### Task instructions:
Only one portion of the data is to be written out: from the line bearing "Exploded view of" through the line bearing "OGRC 1.0 RC". Write it exactly as it appears.
===== The data
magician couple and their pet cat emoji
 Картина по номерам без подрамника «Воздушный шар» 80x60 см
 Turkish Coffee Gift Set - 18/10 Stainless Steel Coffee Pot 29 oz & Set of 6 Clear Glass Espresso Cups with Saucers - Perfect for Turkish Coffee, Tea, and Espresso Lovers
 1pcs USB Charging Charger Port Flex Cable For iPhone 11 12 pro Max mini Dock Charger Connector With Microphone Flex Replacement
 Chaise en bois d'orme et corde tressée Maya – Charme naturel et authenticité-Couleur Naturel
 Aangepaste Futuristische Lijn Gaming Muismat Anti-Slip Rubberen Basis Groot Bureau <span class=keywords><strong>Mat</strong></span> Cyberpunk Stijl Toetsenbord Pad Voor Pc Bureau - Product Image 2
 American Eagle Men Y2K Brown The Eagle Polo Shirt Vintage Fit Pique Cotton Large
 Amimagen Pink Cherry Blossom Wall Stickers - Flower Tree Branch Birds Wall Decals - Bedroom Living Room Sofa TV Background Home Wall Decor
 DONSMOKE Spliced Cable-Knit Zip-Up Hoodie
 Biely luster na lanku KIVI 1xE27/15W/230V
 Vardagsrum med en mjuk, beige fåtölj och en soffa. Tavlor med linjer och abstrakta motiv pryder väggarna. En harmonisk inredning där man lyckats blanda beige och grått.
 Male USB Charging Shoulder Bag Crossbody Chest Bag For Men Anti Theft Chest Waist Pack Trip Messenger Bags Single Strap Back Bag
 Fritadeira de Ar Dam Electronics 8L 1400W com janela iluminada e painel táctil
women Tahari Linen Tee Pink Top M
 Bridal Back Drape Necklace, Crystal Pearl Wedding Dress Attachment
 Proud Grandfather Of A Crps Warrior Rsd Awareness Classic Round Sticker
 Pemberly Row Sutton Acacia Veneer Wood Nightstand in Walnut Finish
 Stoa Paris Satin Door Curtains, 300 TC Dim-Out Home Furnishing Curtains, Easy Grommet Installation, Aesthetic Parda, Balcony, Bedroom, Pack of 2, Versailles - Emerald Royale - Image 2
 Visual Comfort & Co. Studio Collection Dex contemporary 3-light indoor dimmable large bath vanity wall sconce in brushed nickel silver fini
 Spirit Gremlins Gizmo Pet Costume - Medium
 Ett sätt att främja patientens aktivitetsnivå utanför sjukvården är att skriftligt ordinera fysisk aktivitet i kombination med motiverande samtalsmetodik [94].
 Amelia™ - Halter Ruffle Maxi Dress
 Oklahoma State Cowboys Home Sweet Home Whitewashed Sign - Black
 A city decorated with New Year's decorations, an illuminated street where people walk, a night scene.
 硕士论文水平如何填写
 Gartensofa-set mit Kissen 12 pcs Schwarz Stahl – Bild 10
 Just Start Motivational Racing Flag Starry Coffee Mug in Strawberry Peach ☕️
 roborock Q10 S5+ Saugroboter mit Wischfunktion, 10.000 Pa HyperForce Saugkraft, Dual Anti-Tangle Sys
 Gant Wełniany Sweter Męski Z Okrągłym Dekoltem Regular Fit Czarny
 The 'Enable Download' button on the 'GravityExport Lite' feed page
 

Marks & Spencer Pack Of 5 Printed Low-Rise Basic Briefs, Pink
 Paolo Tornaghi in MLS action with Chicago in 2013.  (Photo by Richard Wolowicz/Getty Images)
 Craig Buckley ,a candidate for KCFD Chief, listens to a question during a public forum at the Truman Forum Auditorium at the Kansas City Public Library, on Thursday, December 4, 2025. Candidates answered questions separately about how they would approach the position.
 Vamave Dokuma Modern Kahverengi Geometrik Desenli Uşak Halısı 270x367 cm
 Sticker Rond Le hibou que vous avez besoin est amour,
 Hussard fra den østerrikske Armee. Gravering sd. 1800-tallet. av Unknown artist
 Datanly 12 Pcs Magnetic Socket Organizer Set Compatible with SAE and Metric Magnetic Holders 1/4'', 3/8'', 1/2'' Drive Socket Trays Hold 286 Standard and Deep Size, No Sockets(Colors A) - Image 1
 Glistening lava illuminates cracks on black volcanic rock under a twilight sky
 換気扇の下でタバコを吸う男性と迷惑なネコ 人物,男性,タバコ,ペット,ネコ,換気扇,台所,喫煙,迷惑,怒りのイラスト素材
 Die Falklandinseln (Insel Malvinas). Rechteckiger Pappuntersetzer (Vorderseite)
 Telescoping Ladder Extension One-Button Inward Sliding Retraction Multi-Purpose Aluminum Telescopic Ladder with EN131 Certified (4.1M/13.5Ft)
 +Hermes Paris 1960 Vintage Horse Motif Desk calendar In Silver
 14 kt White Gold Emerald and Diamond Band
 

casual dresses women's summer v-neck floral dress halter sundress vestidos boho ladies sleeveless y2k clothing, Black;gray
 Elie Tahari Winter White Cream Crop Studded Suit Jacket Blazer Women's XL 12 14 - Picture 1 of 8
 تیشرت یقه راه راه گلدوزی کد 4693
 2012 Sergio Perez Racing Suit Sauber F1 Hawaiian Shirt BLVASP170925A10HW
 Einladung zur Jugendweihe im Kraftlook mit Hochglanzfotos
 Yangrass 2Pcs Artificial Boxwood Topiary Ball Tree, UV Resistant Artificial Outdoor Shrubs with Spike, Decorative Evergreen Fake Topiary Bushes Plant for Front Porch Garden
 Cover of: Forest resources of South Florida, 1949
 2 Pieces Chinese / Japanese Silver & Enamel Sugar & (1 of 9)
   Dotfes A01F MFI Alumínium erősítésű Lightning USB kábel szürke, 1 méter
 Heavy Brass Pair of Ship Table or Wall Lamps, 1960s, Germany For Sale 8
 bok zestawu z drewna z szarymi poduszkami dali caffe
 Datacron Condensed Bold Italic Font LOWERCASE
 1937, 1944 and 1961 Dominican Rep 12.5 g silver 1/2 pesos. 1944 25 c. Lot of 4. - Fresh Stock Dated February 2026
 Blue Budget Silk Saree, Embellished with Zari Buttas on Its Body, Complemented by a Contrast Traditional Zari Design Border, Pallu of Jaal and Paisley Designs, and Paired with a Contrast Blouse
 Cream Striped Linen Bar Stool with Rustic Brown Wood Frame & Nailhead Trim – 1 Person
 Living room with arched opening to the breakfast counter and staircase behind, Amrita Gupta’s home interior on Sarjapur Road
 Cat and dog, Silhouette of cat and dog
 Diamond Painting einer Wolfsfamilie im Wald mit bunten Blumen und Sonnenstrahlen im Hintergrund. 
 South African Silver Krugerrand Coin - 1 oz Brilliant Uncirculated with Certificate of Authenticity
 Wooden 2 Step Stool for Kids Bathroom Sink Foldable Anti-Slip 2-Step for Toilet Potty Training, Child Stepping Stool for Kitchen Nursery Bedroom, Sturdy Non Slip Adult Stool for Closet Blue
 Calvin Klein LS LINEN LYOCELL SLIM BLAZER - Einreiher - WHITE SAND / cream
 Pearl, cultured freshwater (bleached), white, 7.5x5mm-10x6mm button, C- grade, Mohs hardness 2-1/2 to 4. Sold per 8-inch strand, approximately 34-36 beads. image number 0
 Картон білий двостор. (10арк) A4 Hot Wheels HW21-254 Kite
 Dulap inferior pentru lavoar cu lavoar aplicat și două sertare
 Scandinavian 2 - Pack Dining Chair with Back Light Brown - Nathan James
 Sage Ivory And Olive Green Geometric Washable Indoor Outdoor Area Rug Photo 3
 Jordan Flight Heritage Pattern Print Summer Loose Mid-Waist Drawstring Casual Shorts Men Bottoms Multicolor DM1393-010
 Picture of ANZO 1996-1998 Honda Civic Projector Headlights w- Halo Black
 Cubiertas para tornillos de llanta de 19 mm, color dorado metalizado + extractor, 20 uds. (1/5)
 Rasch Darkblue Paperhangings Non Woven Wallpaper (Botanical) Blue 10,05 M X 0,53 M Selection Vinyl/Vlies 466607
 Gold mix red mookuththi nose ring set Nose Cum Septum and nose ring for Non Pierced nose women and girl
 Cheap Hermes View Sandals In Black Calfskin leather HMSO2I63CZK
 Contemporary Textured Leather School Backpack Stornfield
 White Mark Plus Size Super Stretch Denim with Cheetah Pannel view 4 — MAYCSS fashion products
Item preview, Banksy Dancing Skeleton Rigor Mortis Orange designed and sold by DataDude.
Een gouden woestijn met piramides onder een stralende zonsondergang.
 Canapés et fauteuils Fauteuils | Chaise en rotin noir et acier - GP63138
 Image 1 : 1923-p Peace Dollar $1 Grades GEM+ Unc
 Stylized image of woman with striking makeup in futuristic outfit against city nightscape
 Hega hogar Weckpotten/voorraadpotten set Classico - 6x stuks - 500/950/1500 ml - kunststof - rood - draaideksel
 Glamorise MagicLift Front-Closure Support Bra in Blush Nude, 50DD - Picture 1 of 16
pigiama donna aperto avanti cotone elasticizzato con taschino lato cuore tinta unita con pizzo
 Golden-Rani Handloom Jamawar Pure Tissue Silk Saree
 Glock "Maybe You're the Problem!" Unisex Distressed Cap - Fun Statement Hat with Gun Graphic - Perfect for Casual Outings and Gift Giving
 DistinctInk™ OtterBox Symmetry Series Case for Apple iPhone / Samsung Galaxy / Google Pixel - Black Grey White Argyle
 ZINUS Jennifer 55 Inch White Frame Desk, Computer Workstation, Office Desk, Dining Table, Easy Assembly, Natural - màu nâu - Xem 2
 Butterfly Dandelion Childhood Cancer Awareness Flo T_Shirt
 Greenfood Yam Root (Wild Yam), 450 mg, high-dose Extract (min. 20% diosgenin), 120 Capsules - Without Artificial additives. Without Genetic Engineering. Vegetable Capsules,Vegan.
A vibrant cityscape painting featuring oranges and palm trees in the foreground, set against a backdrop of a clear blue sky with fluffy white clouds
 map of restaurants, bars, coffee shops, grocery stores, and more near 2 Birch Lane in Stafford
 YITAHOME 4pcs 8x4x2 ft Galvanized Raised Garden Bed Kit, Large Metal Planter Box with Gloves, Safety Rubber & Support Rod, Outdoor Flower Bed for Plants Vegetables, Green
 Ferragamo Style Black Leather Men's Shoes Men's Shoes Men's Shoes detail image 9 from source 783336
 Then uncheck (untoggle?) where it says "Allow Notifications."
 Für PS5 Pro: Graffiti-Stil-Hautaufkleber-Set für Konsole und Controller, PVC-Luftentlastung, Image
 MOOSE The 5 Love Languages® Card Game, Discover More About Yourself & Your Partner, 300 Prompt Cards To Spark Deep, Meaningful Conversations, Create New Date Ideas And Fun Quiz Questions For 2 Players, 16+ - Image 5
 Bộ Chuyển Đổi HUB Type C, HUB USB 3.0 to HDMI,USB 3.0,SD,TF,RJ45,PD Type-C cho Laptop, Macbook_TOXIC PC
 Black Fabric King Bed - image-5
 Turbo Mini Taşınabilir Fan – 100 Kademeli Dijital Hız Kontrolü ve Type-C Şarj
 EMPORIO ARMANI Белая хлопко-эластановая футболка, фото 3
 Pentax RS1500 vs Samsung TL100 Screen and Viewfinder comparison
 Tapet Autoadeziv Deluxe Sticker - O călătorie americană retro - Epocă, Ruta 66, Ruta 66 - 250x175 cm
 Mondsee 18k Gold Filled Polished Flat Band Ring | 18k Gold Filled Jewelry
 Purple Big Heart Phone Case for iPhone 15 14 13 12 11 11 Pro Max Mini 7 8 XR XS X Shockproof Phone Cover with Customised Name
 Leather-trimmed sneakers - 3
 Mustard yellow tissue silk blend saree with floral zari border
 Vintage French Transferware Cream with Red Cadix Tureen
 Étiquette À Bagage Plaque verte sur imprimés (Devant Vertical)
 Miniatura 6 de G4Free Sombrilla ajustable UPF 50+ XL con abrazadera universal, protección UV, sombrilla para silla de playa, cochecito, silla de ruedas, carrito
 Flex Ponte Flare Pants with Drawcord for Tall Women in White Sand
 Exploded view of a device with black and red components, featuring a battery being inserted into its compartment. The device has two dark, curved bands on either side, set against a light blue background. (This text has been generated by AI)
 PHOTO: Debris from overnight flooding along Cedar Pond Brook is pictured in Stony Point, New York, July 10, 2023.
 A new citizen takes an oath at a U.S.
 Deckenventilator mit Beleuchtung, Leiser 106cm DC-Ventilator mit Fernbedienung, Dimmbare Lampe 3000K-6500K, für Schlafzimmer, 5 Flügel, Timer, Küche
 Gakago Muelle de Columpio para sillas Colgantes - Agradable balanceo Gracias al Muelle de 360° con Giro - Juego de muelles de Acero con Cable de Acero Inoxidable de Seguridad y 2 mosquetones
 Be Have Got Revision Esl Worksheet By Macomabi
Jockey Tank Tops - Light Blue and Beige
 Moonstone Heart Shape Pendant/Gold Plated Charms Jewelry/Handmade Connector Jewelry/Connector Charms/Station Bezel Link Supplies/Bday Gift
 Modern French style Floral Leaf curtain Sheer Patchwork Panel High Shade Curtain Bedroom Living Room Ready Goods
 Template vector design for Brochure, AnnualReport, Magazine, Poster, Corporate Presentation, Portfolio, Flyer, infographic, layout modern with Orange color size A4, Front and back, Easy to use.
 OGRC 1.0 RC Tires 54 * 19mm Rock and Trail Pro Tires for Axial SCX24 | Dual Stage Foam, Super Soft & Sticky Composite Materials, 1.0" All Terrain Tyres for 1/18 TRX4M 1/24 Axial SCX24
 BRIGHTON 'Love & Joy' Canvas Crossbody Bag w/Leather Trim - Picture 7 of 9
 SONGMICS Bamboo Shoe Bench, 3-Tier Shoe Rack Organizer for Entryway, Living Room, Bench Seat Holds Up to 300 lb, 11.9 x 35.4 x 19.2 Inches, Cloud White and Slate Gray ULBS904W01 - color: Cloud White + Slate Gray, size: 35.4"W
==========
### Answer to this problem:
 Exploded view of a device with black and red components, featuring a battery being inserted into its compartment. The device has two dark, curved bands on either side, set against a light blue background. (This text has been generated by AI)
 PHOTO: Debris from overnight flooding along Cedar Pond Brook is pictured in Stony Point, New York, July 10, 2023.
 A new citizen takes an oath at a U.S.
 Deckenventilator mit Beleuchtung, Leiser 106cm DC-Ventilator mit Fernbedienung, Dimmbare Lampe 3000K-6500K, für Schlafzimmer, 5 Flügel, Timer, Küche
 Gakago Muelle de Columpio para sillas Colgantes - Agradable balanceo Gracias al Muelle de 360° con Giro - Juego de muelles de Acero con Cable de Acero Inoxidable de Seguridad y 2 mosquetones
 Be Have Got Revision Esl Worksheet By Macomabi
Jockey Tank Tops - Light Blue and Beige
 Moonstone Heart Shape Pendant/Gold Plated Charms Jewelry/Handmade Connector Jewelry/Connector Charms/Station Bezel Link Supplies/Bday Gift
 Modern French style Floral Leaf curtain Sheer Patchwork Panel High Shade Curtain Bedroom Living Room Ready Goods
 Template vector design for Brochure, AnnualReport, Magazine, Poster, Corporate Presentation, Portfolio, Flyer, infographic, layout modern with Orange color size A4, Front and back, Easy to use.
 OGRC 1.0 RC Tires 54 * 19mm Rock and Trail Pro Tires for Axial SCX24 | Dual Stage Foam, Super Soft & Sticky Composite Materials, 1.0" All Terrain Tyres for 1/18 TRX4M 1/24 Axial SCX24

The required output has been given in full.